## Run WeNet on SageMaker - Gigaspeech

### 选择Notebook环境
Notebook的运行环境可以选择conda_pytorch_p38。

### 下载 wenet 代码

In [None]:
%cd ~/SageMaker

!git clone https://github.com/Chen188/wenet -b sagemaker-giga

wenet_src = '~/SageMaker/wenet'

### 获取基本环境信息

In [None]:
import boto3
import sagemaker

print('SageMaker version: ', sagemaker.__version__)

from sagemaker import get_execution_role

region = boto3.session.Session().region_name
role   = get_execution_role()
sess   = sagemaker.Session()
bucket = sess.default_bucket()

account_id = boto3.client('sts').get_caller_identity().get('Account')

bucket

## 准备Docker image

In [None]:
ecr_repository = 'sagemaker-wenet'

# 登录ECR服务
!aws ecr get-login-password --region {region} | docker login --username AWS --password-stdin {account_id}.dkr.ecr.{region}.amazonaws.com.cn

### 创建容器注册表

In [None]:
!aws ecr create-repository --repository-name $ecr_repository

### 构建训练镜像

In [None]:
training_docker_file_path = '~/SageMaker/wenet'

!cat $training_docker_file_path/Dockerfile.gigaspeech

In [None]:
# 构建训练镜像并推送到ECR, China Region.
tag = ':training-pip-pt_1_10_0'
training_repository_uri = '{}.dkr.ecr.{}.amazonaws.com.cn/{}'.format(account_id, region, ecr_repository + tag)
print('training_repository_uri: ', training_repository_uri)

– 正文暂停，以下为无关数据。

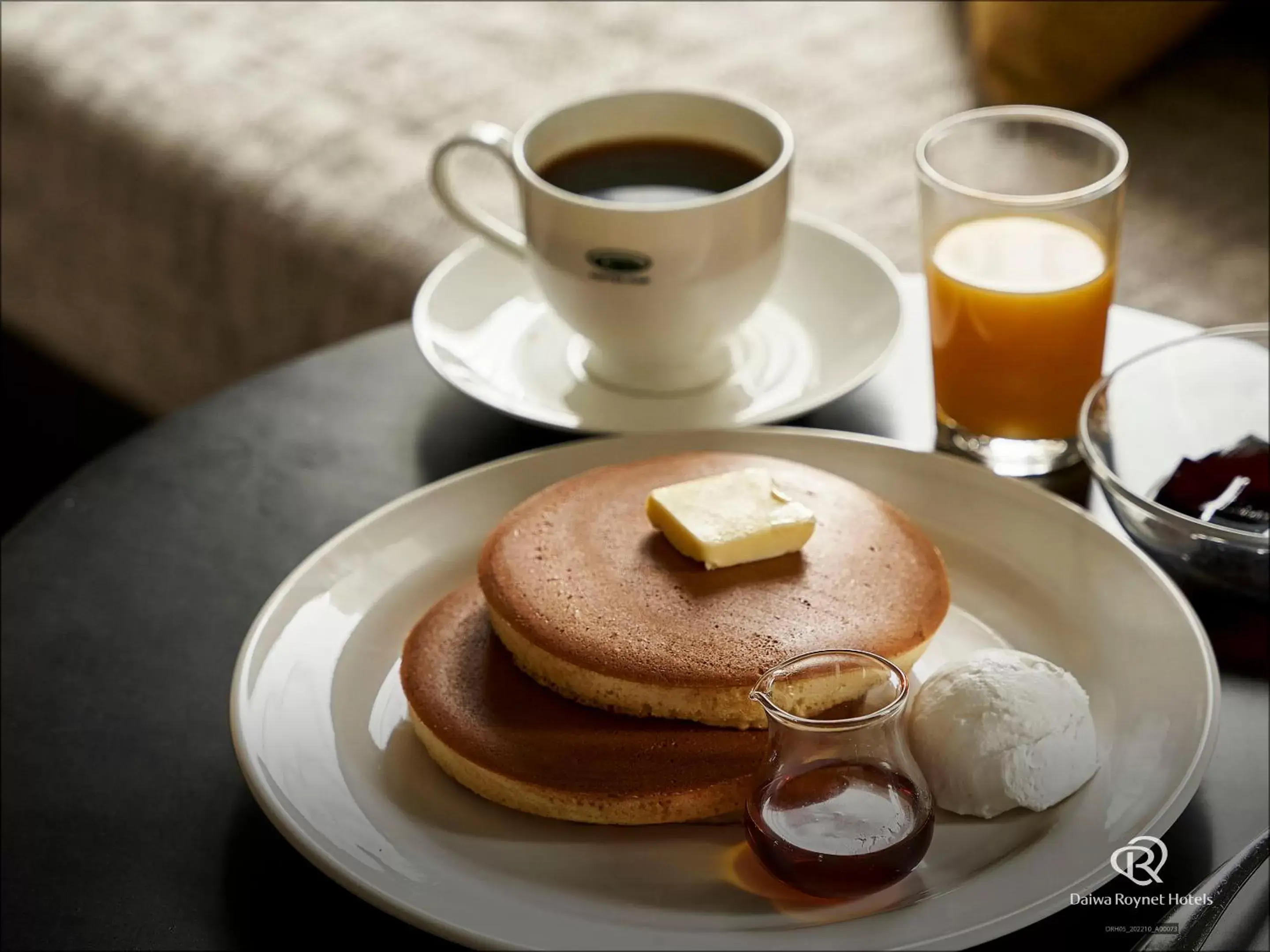 Breakfast in Daiwa Roynet Hotel Osaka Sakaisuji Honmachi PREMIER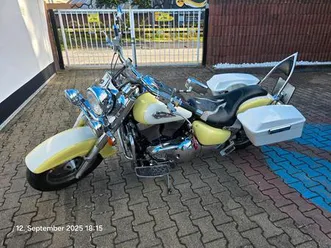 suzuki intruder vl 1500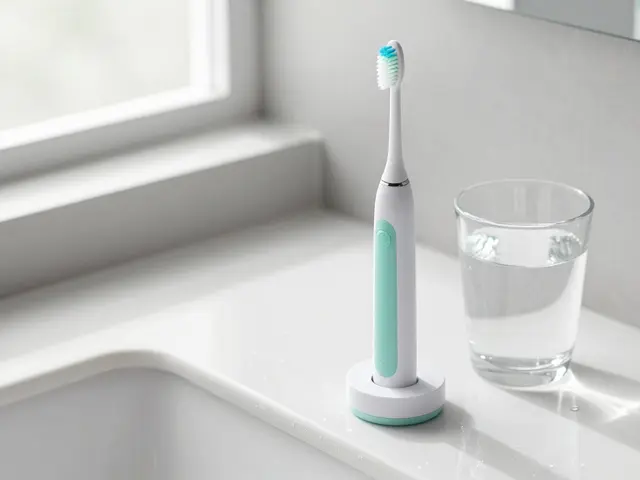 Jak často a správně používat sonický kartáček: Kompletní průvodce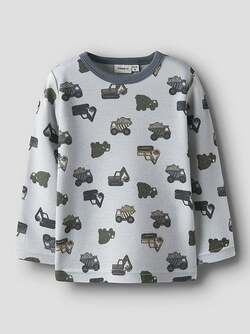 NMMWILLOW WOOL LS TOP Micro Chip WORKING MACHINES - Name It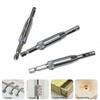 Hinge Drill Bit 3 Pcs Electroplating Self Centering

!cd $training_docker_file_path && docker build -t "$ecr_repository$tag" . -f Dockerfile.gigaspeech
!docker tag {ecr_repository + tag} $training_repository_uri
!docker push $training_repository_uri

# !docker pull $training_repository_uri

## 训练数据准备

### 挂载共享存储

可以使用EFS或者FSx for Lustre。这里我们使用的是EFS，然后挂载到/efs目录。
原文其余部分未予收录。